The Supreme Court returned to that theme in its opinion, which was written by Liu.

“Such an exemption would expose physician assistants and, through vicarious liability, their supervising physicians, to unlimited liability for noneconomic damages in personal injury and wrongful death cases across the board—an outcome at odds with the central policy underlying the legislative program,” the opinion says.

Steven B. Stevens

Los Angeles malpractice attorney Steven B. Stevens filed an amicus brief on behalf of the Consumer Attorneys of California urging the Supreme Court to find the physician assistants were exempt from the damages cap. Stevens said in an email Friday that “neither physician was exercising any supervision, review, or control over the care and treatment that the assistants were delivering to patients.”

“Once more, the Medical Injury Compensation Reform Act, enacted almost a half-century ago, has failed to protect and compensate patients,” Stevens said. “This case is another example of the urgent need to fix and reform laws that protect negligent health care providers instead of patients.”

Attorneys for Freesemann and Hughes could not be reached for comment.

California voters may have a chance to change the law. A ballot initiative that would increase the non-economic damages cap to account for inflation since 1975 has qualified for the Nov. 8 ballot, according to the California Secretary of State’s Office. The initiative would also allow judges and juries to waive the cap entirely for cases involving death and permanent disability. The state’s legislative analyst estimates that the initiative, if passed, would increase state and local government health care costs from the “low tens of millions of dollars to the high hundreds of millions of dollars annually.”

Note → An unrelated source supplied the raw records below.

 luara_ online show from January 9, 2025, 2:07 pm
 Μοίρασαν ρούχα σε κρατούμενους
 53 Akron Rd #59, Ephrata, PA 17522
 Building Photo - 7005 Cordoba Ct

Ledesma and Koire are no longer practicing medicine. Koire is now deceased, according to California Medical Board records.

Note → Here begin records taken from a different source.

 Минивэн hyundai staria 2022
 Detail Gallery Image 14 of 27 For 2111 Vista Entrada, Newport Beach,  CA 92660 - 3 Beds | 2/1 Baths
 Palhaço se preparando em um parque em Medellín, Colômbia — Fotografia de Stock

The Medical Board revoked Ledesma’s medical license in 2015 for fraudulently billing insurers for services that were never performed. He also defrauded disability insurers by filing claims stating that he was unable to work even while managing several medical clinics scattered around the Los Angeles area, the board’s findings state.

Investigators for the California Department of Insurance arrested Ledesma on insurance fraud charges in March 2015, according to a report by the California Statewide Association of Criminal Investigators. The department said from 2008 to 2013, Ledesma treated more than 2,900 patients while simultaneously collecting $1,605,464 in disability benefits.